Il montre dans son ouvrage l'écart croissant entre développement humain et développement économique. Il affirme que les choix exclusivement économique de mesure s'avèrent à la longue nocif pour le bien commun.
Son invitation à reconsidérer la richesse est aussi une invitation à reconsidérer nos manières de vivre et nos priorités. Un seul exemple illustre la folie dans laquelle nous nous sommes collectivement engagé.Selon le PNUD les dépenses annuelles de publicités dans le monde sont 10 fois supérieures à ce qu'il faudrait pour résoudre le problème de la faim, de l'accès à l'eau et du logement décent. Si une telle affirmation est difficile à vérifier, force est de constater avec l'auteur que nombre de dépenses sont devenues superfétatoire.
Tout semble se passer aujourd'hui comme si l'on conservait des instruments de pilotage par habitude, sans se poser de question. L'auteur cite Malthus pour lequel on utilise des thermomètres même s'ils sont faux mais parce qu'ils ont le mérite d'exister et que leur fabrication est plus simple.
L'auteur se range dans les critiques de la folie gestionnaire qui prétend tout mesurer. Hors à suivre le philosophe Husserl, il faut se méfier de cette approche car "calculer, c'est mettre hors circuit tous les modes du penser et toutes les évidences qui ne sont pas indispensables à la technique du calcul".
Le sens du mot valeur a été dévoyé, réduit à sa dimension économique ou d'échange. Or qu'observe t-on? Lorsqu'une catastrophe survient on n'appelle pas son banquier mais ceux qu'on aime. C'est exactement ce qui s'est passé dans le drame du world trade center pour les victimes des attentats. Les valeurs humaines devraient donc être mises en avant.
Selon Viveret, le véritable enjeu est la construction du bien commun, de l'intérêt général et de la qualité de vie. Le PIB ou le taux de croissance sont des indicateurs insuffisants car ils masquent la pollution, les drames sociaux, l'épuisement des ressources, le travail domestique, le bénévolat.

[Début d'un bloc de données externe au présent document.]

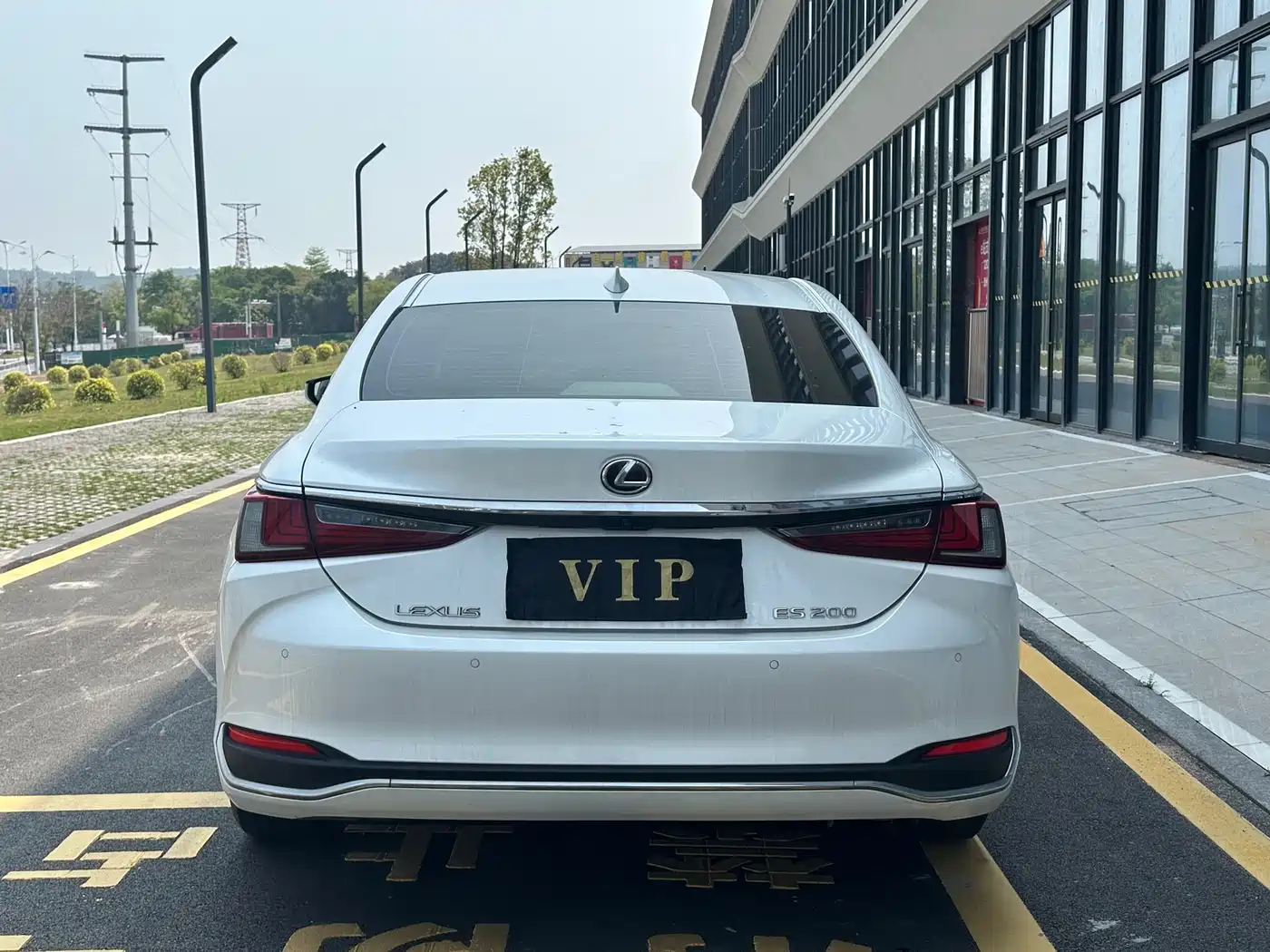 Lexus ES 2022 200 Excellence Edition фото 8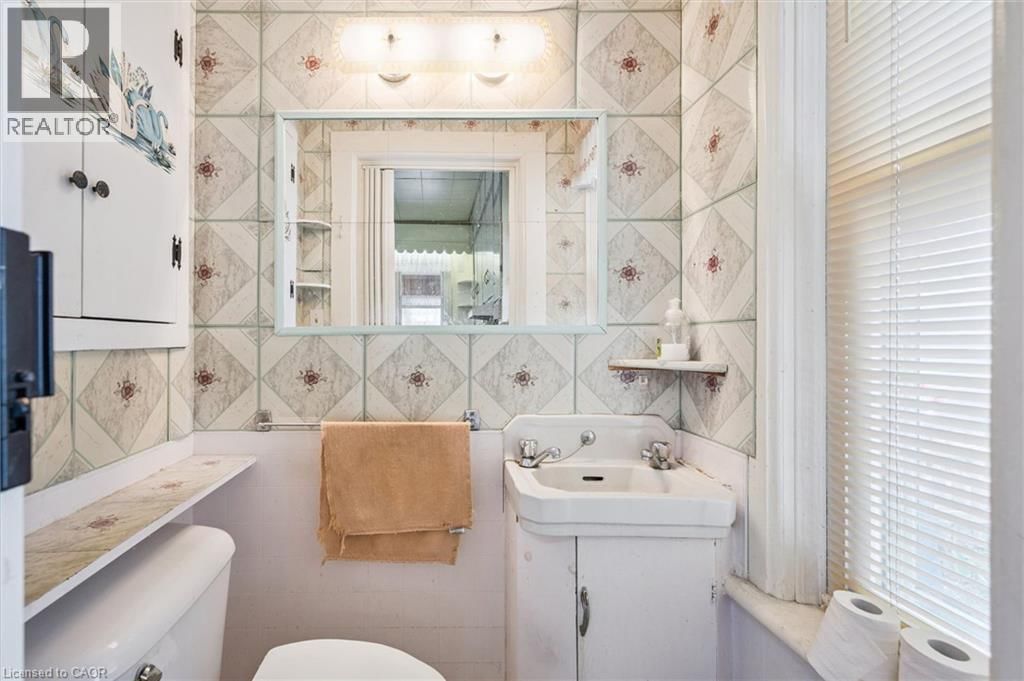 56 MCNAUGHTON STREET Image 14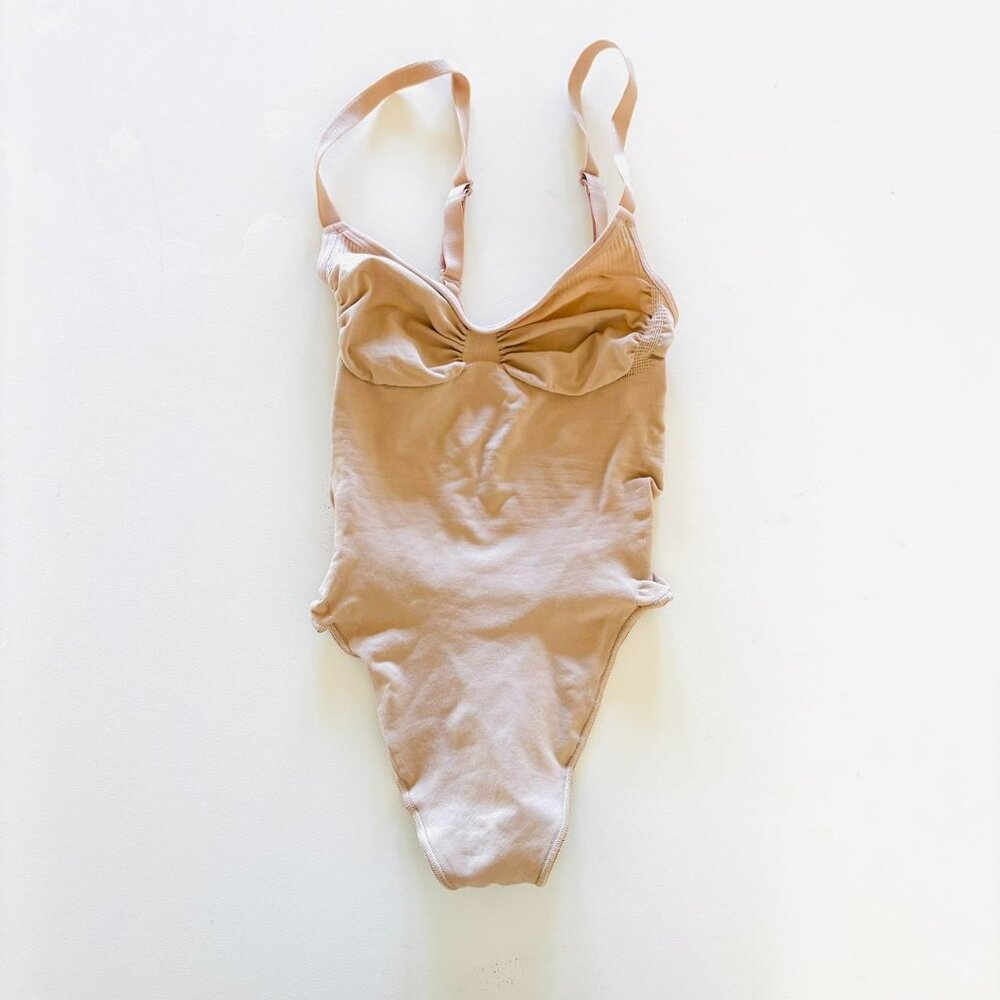 NWOT Skims Shapewear Thong Bodysuit 39 B 8
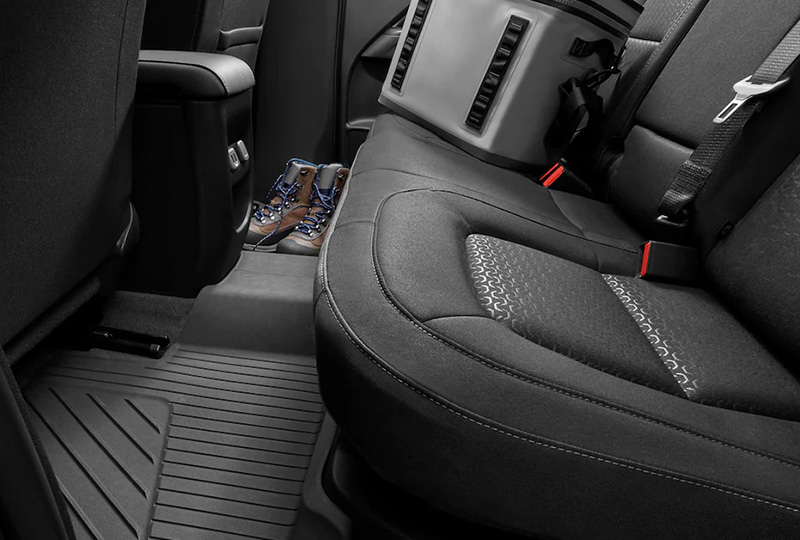 Used Chevy Colorado - image2
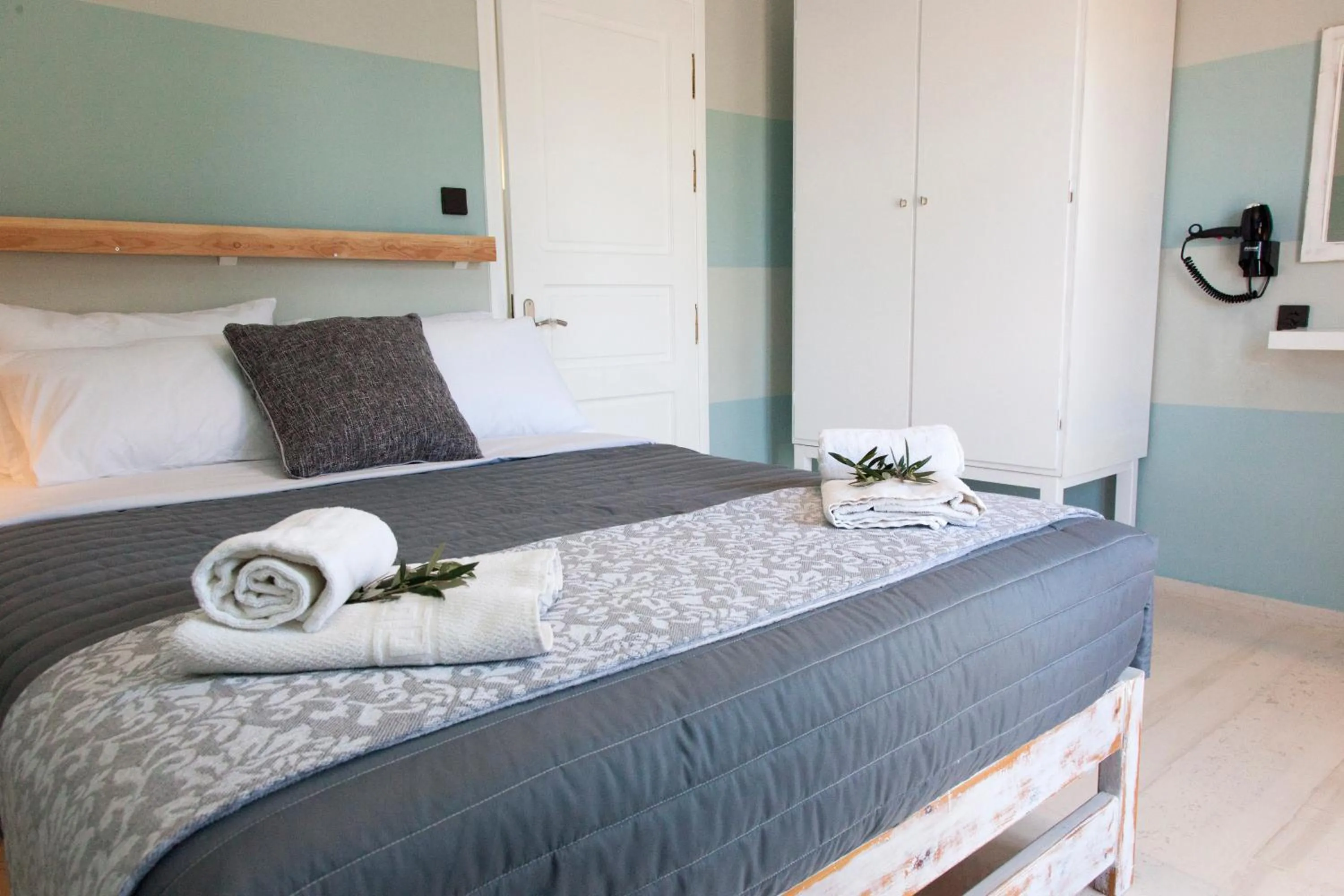 Bed in Mojito Elegant Studios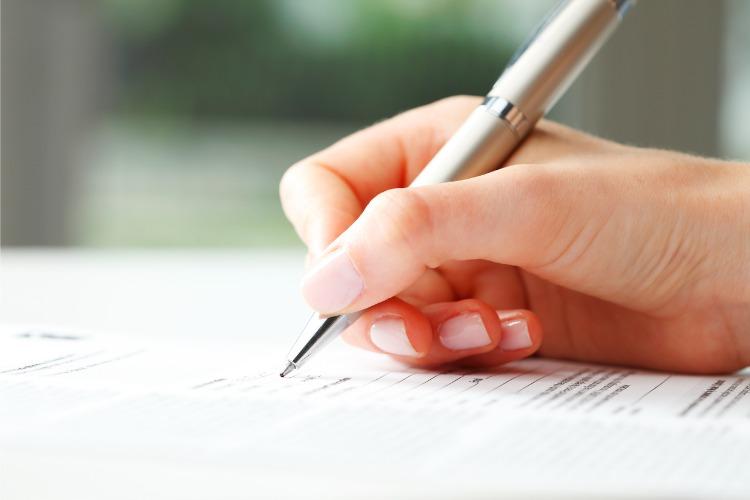 Associations, le Cerfa « reçu aux dons » évolue pour l'exercice 2023 ! - Crédit photo : Szepy par iStock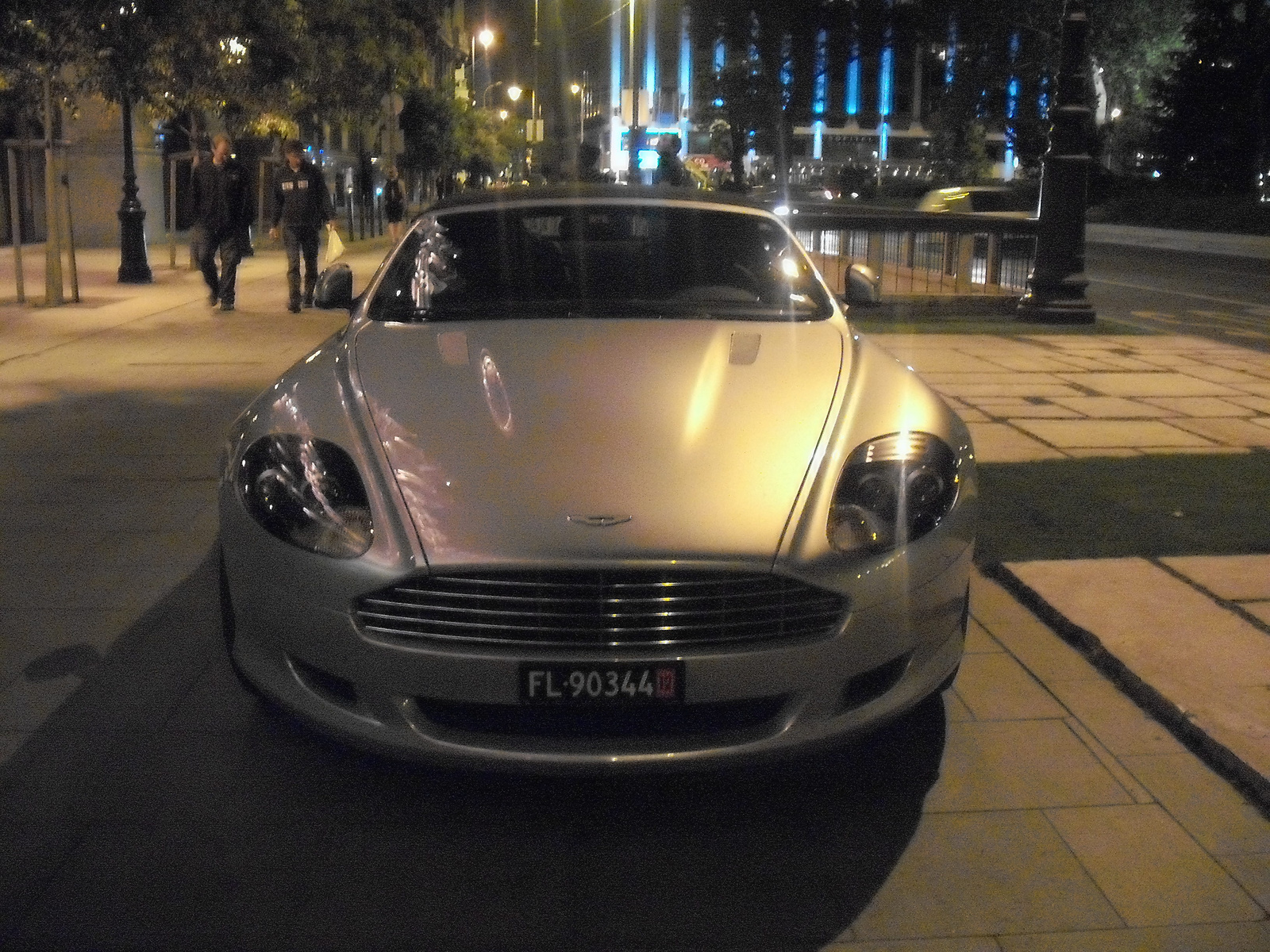 Aston Martin DB9 Volante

L'ouvrage de Patrick Viveret mérite d'être lu car il introduit de l'éthique, car il dénonce la passion calcularice-rationalisatrice, car il s'attaque à des croyances héritées jamais remises en question sur la valeur et la richesse, car il distingue la valeur d'usage et la valeur d'échange souvent assimilées ce qui conduit à un déni du service public et une marchandisation sans limite.
Patrick Viveret reprend la lecture des écrits économiques classiques un par un comme un informaticien reprendrait ligne à ligne son programme pour repérer où se niche le bug et qui conduit au dogme économique actuel. Il retrouve l'intelligence et le talent humain chez Adam Smith souvent occultés de sa théorie sur le fonctionnement de l'économie, mais tellement explicatif des économies modernes. Il remonte même jusqu'aux physiocrates et leur trouve une intuition écologique.
Patrick Viveret plaide enfin pour un état écologiquement et socialement responsable, valorisant deux facteurs de richesse : la vie et l'intelligence. Il offre des propositions coopératives pour sortir à la hausse d'une société de marché qui est allée trop loin sans contre pouvoir.